The system architecture is straightforward: A “data collector” object collects real-time data from various chunks of hardware, all of which speak different protocols, and translates to a single XML-based protocol; a “history manager” keeps a historical record of that data; a UI-server builds a couple of multipage user interfaces. These components are stand-alone servers that talk to each other using XML over JMS.

I’ve been burned recently by several projects that were way more complex than they should have been, primarily because the developers mindlessly fixated on the “standard” BOD way of doing things, and I wanted to avoid that problem here.

Probably the most commonplace examples of BOD are Web interfaces built on the “standard” architecture: Web server, EJB-based application server and a database server typically wrapped in an object-relational layer like Hibernate or JDO. The UI must be built on Struts or JSF, etc. Though all of these technologies can work in the right situation, none is appropriate in every situation (and EJB is hardly appropriate in any situation—but that’s another column). An average-size Web application that used all of the above would be about two orders of magnitude more complex than necessary, impacting both cost and schedule.

My current battle concerned the “transport” and “persistence” layers. I’m a big believer in messaging (in the JMS sense). Message-based architectures are easily scalable, and messaging promotes loose coupling between components, so the components are easier to write as independent programs. I’ve come to live with XML as a communications lingua franca (though I don’t like it). Consequently, JMS Text messages carrying an XML payload have become my communications mechanism of choice.
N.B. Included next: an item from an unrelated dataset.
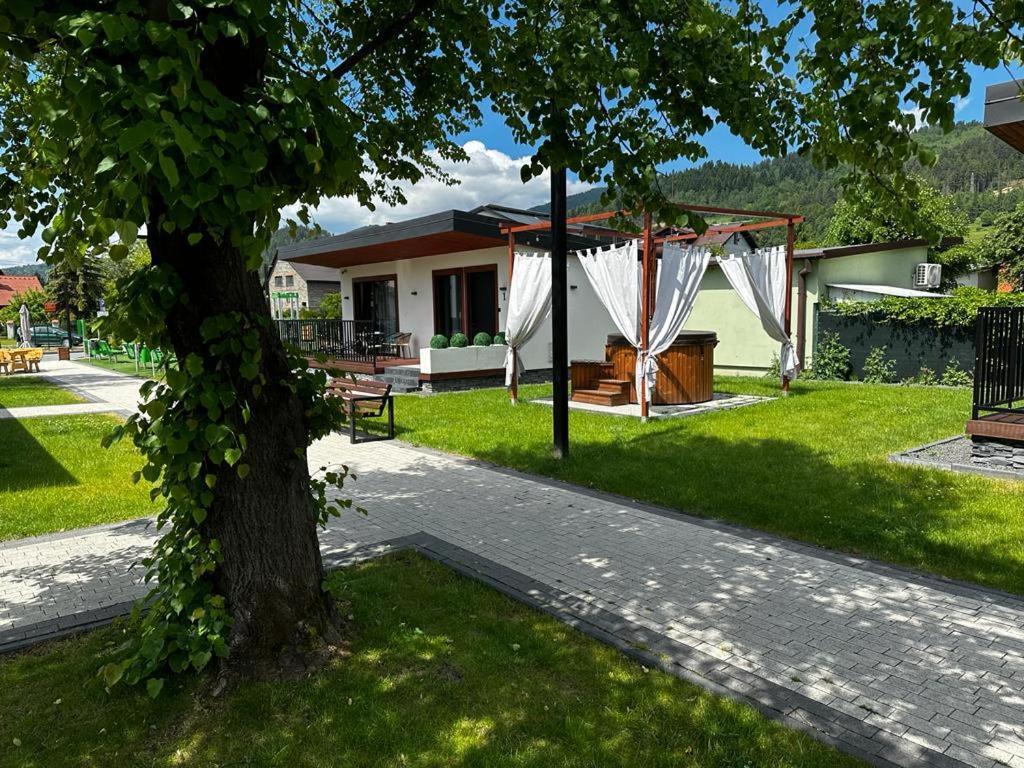Wrzos Resort & Wellness **** Domki Caloroczne Венґерська Ґурка Екстер'єр фото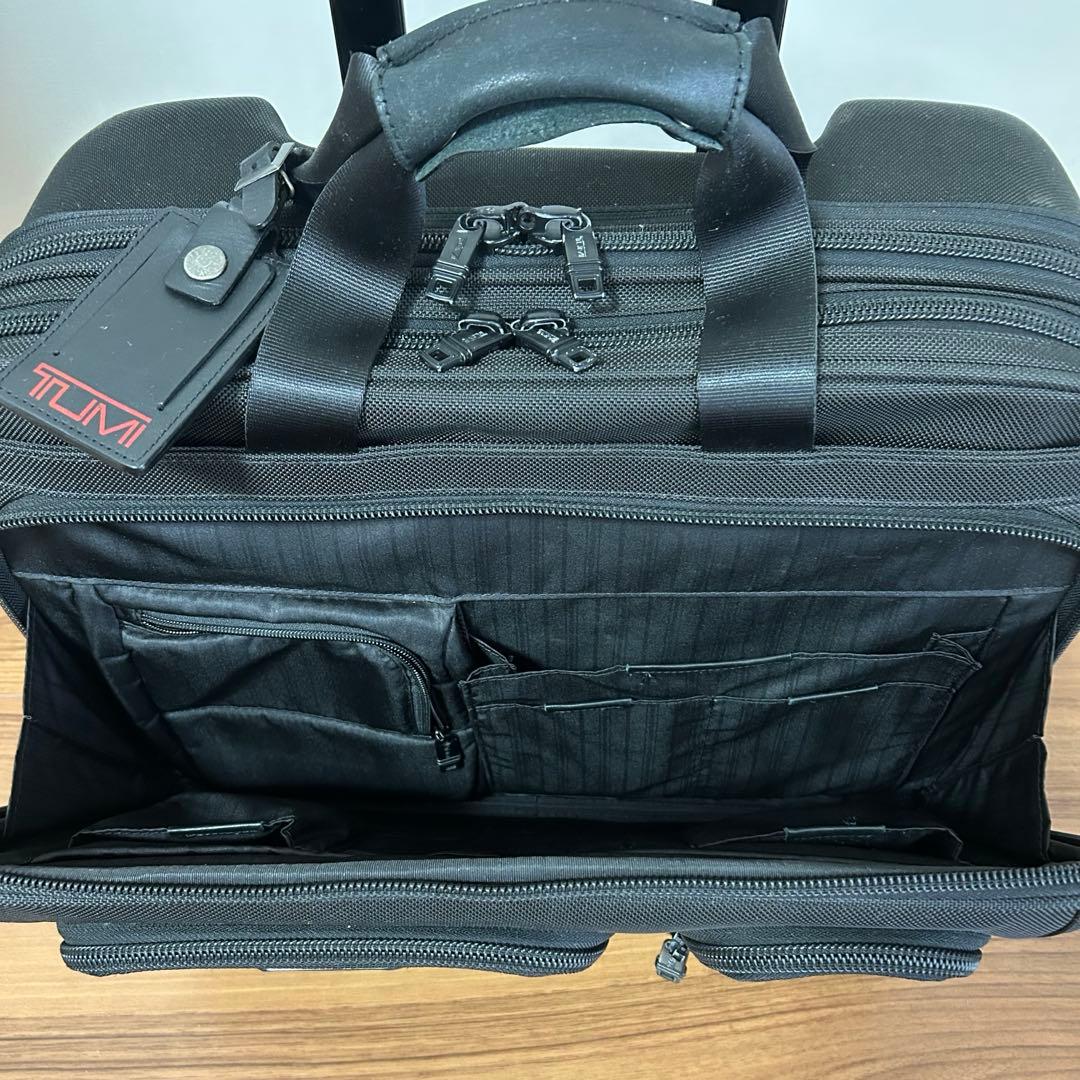 TUMI トゥミ ビジネスキャリーバッグ ブリーフケース　26127DHブラック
My first battle was then getting my co-worker to abandon XML-RPC. The attraction of point-to-point communication protocols is familiarity—a remote procedure call, regardless of underlying transport, looks like a local procedure call. All RPC systems have problems, though: speed, configuration complexity, mismatches between the Java argument types and the argument types required by the protocol. The biggest drawback is that RPC systems aren’t scalable—it’s just too hard to throw on another server if you need it.